Snidely Whiplash Lives!

Author:  Chuck Klosterman

I wear the black hat cover (196x300)I’m confident that at least a few people really hate Chuck Klosterman.   Maybe many.  He’s inordinately brainy and sarcastic, rather funny looking and is the kind of guy who likes to poke and prod any sacred cows he can find.  Moreover, as far as I can tell he knows more about popular culture – sports, TV, blogs, politics, movies – than anyone on the planet.  Lastly, he takes great joy in showing off the vast expanse of his knowledge, to an annoying extent at times.  Over the past couple decades the man has achieved minor celebrity status with some bestsellers and some high profile writing gigs, so I’m sure he’s accustomed to his share of hate mail.  Intrigued by the way that hatred comes so easily – particularly with today’s non-stop media saturation – Klosterman decided to explore modern history’s most infamous villains and why we hate the people we do, from Bono to Howard Cosell to Stalin.  The result is I Wear the Black Hat, a wide ranging and humorous look at all sorts of bad guys (and a few gals).
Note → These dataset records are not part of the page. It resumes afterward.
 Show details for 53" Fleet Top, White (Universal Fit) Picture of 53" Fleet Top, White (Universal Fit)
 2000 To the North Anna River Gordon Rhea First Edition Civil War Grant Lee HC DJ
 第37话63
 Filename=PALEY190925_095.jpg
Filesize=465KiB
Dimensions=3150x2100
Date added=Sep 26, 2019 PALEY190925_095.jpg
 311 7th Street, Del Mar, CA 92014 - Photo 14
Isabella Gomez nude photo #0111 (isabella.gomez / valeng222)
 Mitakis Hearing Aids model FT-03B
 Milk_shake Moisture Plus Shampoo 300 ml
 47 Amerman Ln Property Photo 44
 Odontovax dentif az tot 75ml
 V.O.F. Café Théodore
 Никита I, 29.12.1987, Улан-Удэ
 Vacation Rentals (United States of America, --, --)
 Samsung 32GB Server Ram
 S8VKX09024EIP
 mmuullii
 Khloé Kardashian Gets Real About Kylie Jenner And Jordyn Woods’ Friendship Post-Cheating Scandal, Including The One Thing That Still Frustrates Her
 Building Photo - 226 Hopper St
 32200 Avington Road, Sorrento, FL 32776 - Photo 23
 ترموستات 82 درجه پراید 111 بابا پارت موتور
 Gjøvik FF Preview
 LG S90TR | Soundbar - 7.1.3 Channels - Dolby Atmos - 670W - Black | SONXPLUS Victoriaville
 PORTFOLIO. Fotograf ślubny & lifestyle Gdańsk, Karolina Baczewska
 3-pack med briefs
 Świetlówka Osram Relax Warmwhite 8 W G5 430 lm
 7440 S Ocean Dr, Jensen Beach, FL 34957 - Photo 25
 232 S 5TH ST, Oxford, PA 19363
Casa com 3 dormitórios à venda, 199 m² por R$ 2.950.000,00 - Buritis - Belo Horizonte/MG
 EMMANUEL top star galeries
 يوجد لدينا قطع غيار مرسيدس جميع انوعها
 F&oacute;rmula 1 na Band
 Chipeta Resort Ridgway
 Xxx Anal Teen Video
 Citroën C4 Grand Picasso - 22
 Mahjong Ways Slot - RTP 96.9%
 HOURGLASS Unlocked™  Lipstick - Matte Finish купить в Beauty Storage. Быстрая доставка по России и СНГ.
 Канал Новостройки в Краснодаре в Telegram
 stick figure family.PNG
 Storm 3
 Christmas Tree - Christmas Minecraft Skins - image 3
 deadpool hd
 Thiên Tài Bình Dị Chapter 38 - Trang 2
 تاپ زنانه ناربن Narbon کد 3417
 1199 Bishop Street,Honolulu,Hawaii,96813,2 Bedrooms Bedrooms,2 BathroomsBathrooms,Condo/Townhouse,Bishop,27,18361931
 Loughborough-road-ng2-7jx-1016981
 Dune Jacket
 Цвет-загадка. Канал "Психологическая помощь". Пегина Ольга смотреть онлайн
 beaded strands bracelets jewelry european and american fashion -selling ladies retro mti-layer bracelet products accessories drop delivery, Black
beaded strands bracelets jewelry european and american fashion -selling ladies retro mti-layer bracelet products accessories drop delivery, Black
The author appropriately starts out by defining exactly who qualifies as a villain, which is not as easy as you might think.  He then segues into an unfortunate chapter that reviews every rock band or musician he’s hated since the age of ten and the details behind these often irrational obsessions.  If I hadn’t read his work before – and had some confidence that he could recover from this – I might have bailed right here, but I persevered through ten pages of self-indulgent tedium and survived unscathed.

Mr. Cosell hard at work in 1975.

Mr. Cosell hard at work in 1975.

Fortunately, the book subsequently gets much better with ten loosely organized chapters on various versions of villainy, revealing Klosterman’s unique take on major events like the OJ trial and the Monica Lewinsky scandal, as well as famous – or formerly famous – personalities like Muhammad Ali, Chevy Chase, Andrew Dice Clay, Ice Cube and Bernie Goetz.  With some reluctance, he even attempts the impossible by concluding with an insightful chapter about Adolph Hitler, possibly without offending anyone.  No easy feat for a humor writer.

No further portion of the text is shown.